There was no repeat of yesterday's Kite fest this morning but as I looked along the cliff I could see a Peregrine sitting on one of the favoured perches.
This projection from the cliff is quite visible from further along and I know that If I approached carefully I would have the bird facing me.
I am possibly the most cautious person around, when it come to getting close to the cliff edge, well 100m drop is along way down, but fortunately the angles here mean that you don't have to get too close for a view.
By moving slowly and carefully I was able to watch the bird for a while. I believe that this is a male, normally the barring would be heavier on a female.
I was the proximity to the channel that first led to the decline of Peregrines along the Kent coast, when they were "removed" during the war to help protect carrier pigeons. My mobile sent me a signal to say that I was now in France, but it was safe from the Peregrine.

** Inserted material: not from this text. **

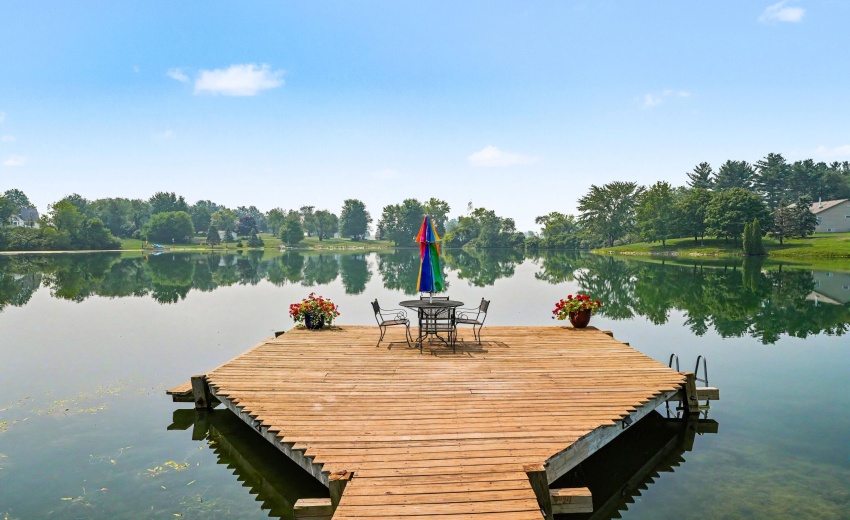 1103 lake and pier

A while later, while I was back at my migration view spot, it sped passed me and I watch where it had landed. This time it did involve getting quite close to the edge and looking down. The problem with this is, trying to hold the camera steady while my heart is beating rather too strongly. I'm not sure why he has got one trouser leg up and one down, I've not noticed this sartorial statement before. The paler bluey grey mantle also points to it being a male.
Again, a little later I saw him on another promontory, a couple of hundred metres away.

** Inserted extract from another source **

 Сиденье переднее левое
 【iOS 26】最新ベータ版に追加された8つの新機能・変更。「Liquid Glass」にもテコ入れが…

It wasn't difficult to come up behind a small bump near the edge and carefully look in the right direction, but I was slightly hampered by the vegetation.

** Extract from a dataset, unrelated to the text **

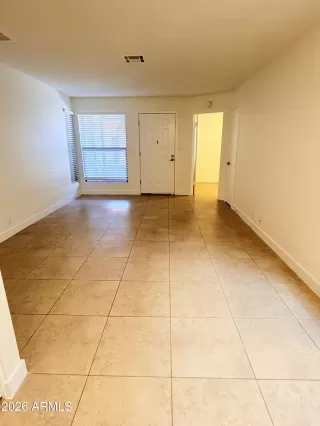 Photo #5: 7032372 Listing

Slowly easing up on my belly I eventually got a clear view of what is one of the most magnificent of our British birds.
Since the banning of organo-chorine chemicals in pesticides and a change in attitude to protecting birds of prey there has been a tremendous recovery in Peregrine numbers, particularly in the southern part of the range. For some reason that I don't know some of the Scottish population has been in decline since 2002, although overall there has been a range expansion of 200% since 1984.